**What you are asked to do:**
Would you please restate the data exactly as it stands, apart from the pictures?

**Dataset content:**
= = = = =

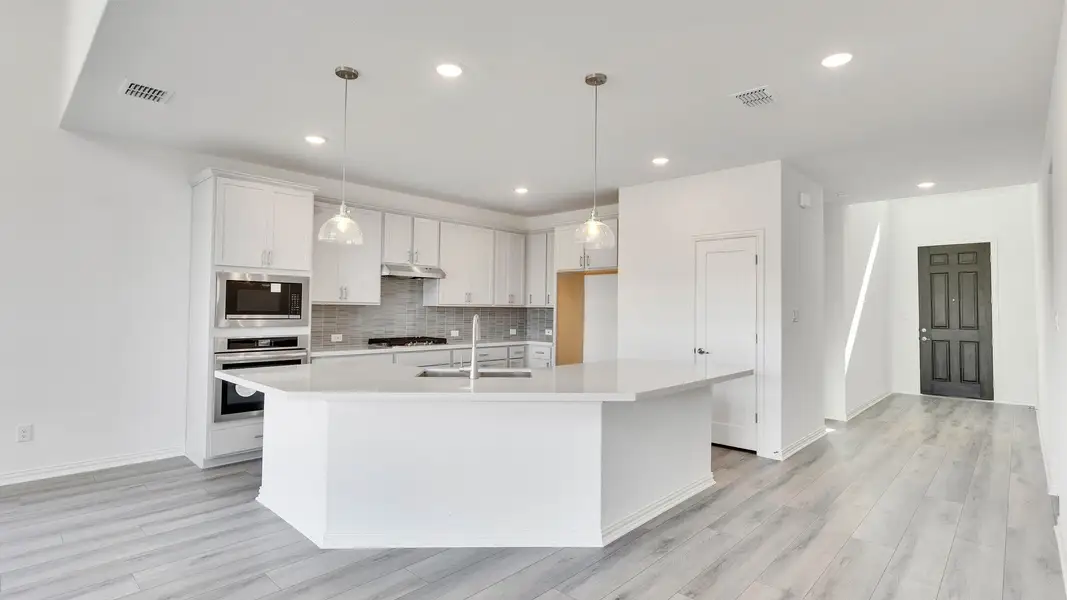 Furnished interior view inside a new home in Spring Creek, Taylor (Image 4).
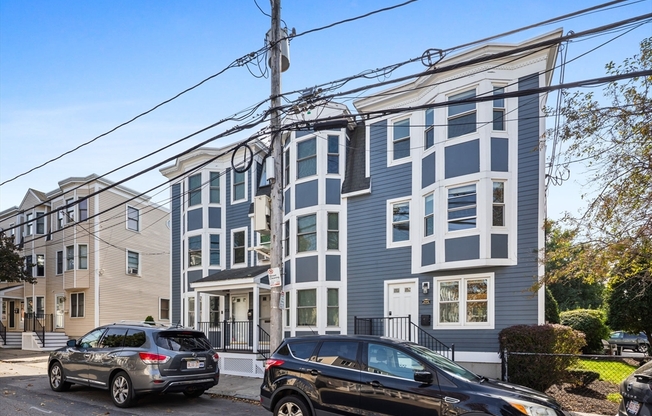 205 W 6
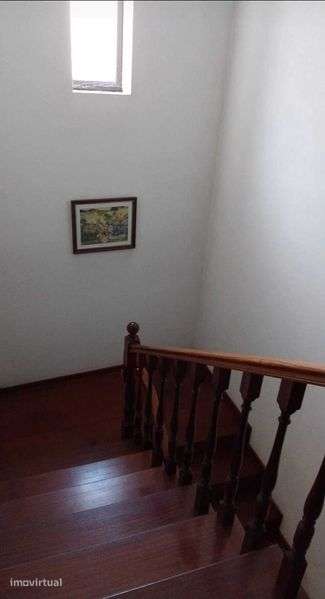 A 30 minutos de Bragança!! Moradia T6 - Grande imagem: 3/11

= = = = =

**Problem solution:**
 Furnished interior view inside a new home in Spring Creek, Taylor (Image 4).
 205 W 6
 A 30 minutos de Bragança!! Moradia T6 - Grande imagem: 3/11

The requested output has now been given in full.